Your output will look like this if the puzzle isn’t solved yet:

out: HostBuffer([0.0, 0.0, 0.0, 0.0, 0.0, 0.0, 0.0, 0.0])
expected: HostBuffer([11.0, 11.0, 11.0, 11.0, 11.0, 11.0, 11.0, 11.0])

Solution

def add_10_shared_tile_tensor(
    output: TileTensor[mut=True, dtype, LayoutType, MutAnyOrigin],
    a: TileTensor[mut=False, dtype, LayoutType, ImmutAnyOrigin],
    size: Int,
):
    # Allocate shared memory using stack_allocation
    var shared = stack_allocation[
        dtype=dtype, address_space=AddressSpace.SHARED
    ](row_major[TPB]())

    var global_i = block_dim.x * block_idx.x + thread_idx.x
    var local_i = thread_idx.x

    if global_i < size:
        shared[local_i] = a[global_i]

    # Note: barrier is not strictly needed here since each thread only accesses
    # its own shared memory location. However, it's included to teach proper
    # shared memory synchronization patterns for more complex scenarios where
    # threads need to coordinate access to shared data.
    barrier()

    if global_i < size:
        output[global_i] = shared[local_i] + 10


This solution demonstrates how TileTensor simplifies shared memory usage while maintaining performance:

  1. Memory hierarchy with TileTensor

    • Global tensors: a and output (slow, visible to all blocks)

    • Shared tensor: shared (fast, thread-block local)

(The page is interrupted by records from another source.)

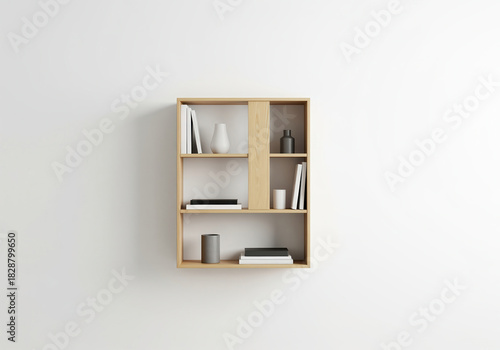 Minimal Wooden Bookshelf on White Wall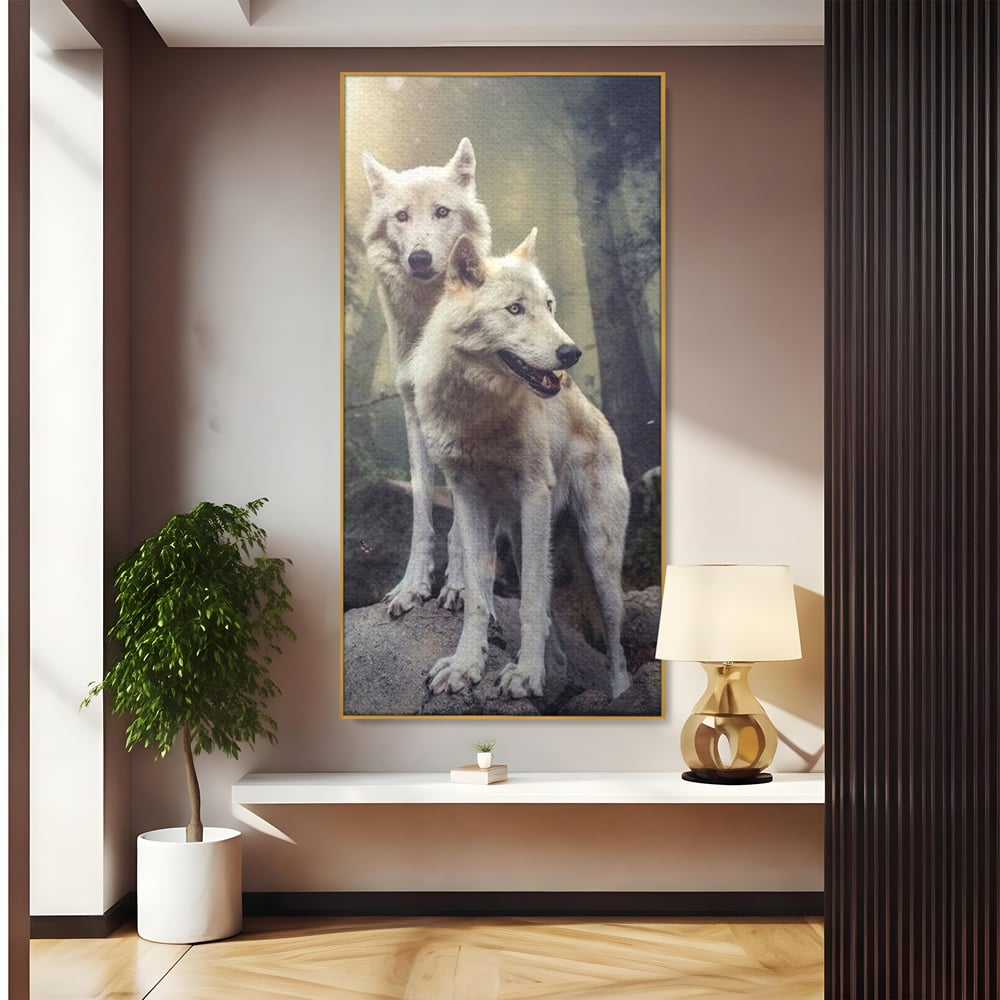 Leinwand Wandkunst Canvas Wall Art Premium, LuxCanva® M1466, Bruderschaft der Wölfe, Pfauen, Natur, Wald, Eiche, Wölfe, Brüder, Licht, Rudel, Wild, Wildtiere, Licht, Büro, Wohnen, Kinderzimmer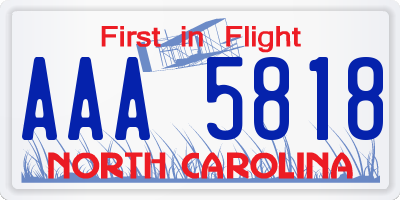 NC license plate AAA5818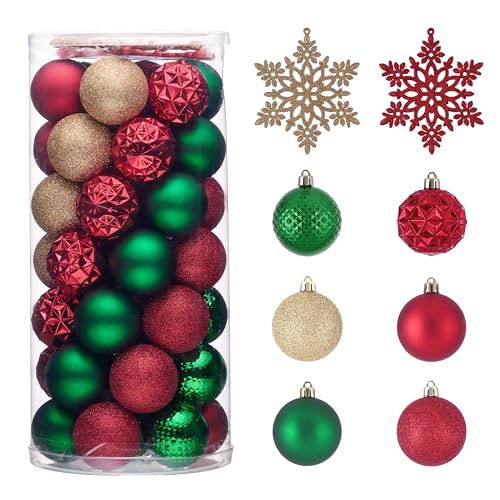50ct Christmas Tree Decorations Ball Ornaments 2.36 Inches (50 Count)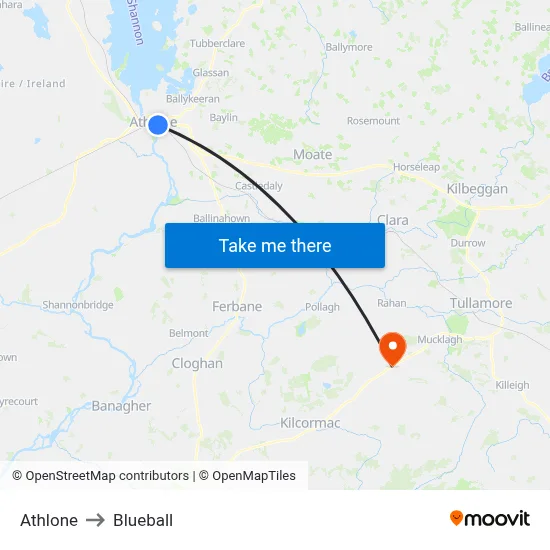 Athlone to Blueball map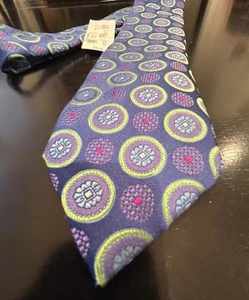 Cravatta collo seta Ted Baker London blu verde magenta 100% seta nuova con etichetta - Foto 1 di 6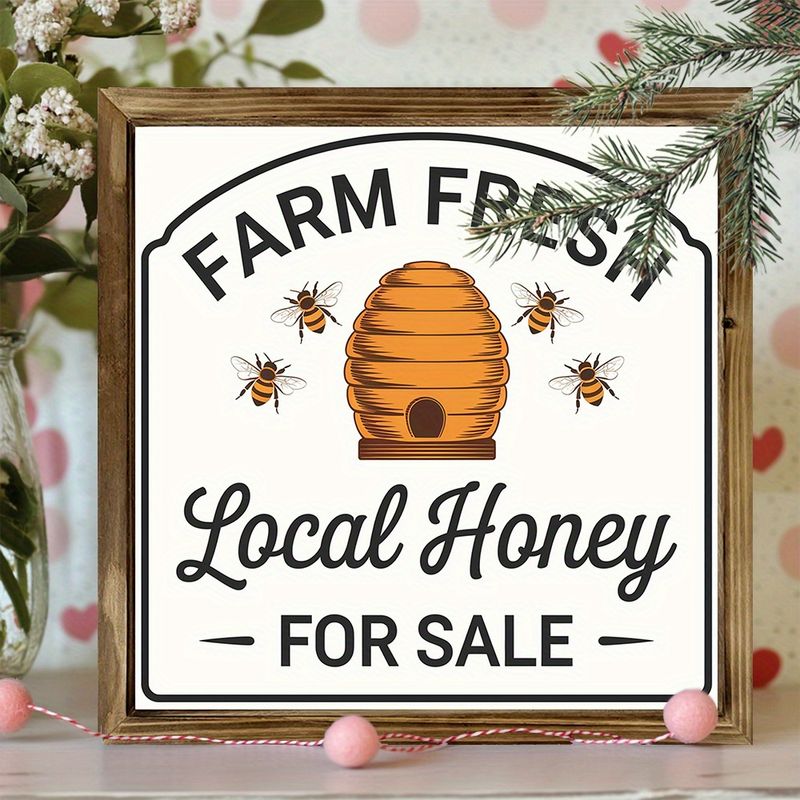Panneau en bois « 8 x 8 » « Miel frais de la ferme » – Décoration murale/étagère rustique pour cuisine | Cadeau idéal pour les fêtes_voghion.com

    • Example for 8 elements with 4 threads per block:

      Global tensor a: [1 1 1 1 | 1 1 1 1]  # Input: all ones
      
      Block (0):         Block (1):
      shared[0..3]       shared[0..3]
      [1 1 1 1]          [1 1 1 1]
      
  2. Thread coordination

    • Load phase with natural indexing:

      Thread 0: shared[0] = a[0]=1    Thread 2: shared[2] = a[2]=1
      Thread 1: shared[1] = a[1]=1    Thread 3: shared[3] = a[3]=1
      barrier()    ↓         ↓        ↓         ↓   # Wait for all loads
      
    • Process phase: Each thread adds 10 to its shared tensor value

    • Result: output[global_i] = shared[local_i] + 10 = 11

Note: In this specific case, the barrier() isn’t strictly necessary since each thread only writes to and reads from its own shared memory location (shared[local_i]). However, it’s included for educational purposes to demonstrate proper shared memory synchronization patterns that are essential when threads need to access each other’s data.

  1. TileTensor benefits

    • Shared memory allocation:

      # Clean TileTensor API with address_space
      shared = stack_allocation[dtype=dtype, address_space=AddressSpace.SHARED](row_major[TPB]())
      
    • Natural indexing for both global and shared:

      Block 0 output: [11 11 11 11]
      Block 1 output: [11 11 11 11]
      
    • Built-in layout management and type safety

  2. Memory access pattern

    • Load: Global tensor → Shared tensor (optimized)
    • Sync: Same barrier() requirement as raw version
    • Process: Add 10 to shared values
    • Store: Write 11s back to global tensor

This pattern shows how TileTensor maintains the performance benefits of shared memory while providing a more ergonomic API and built-in features.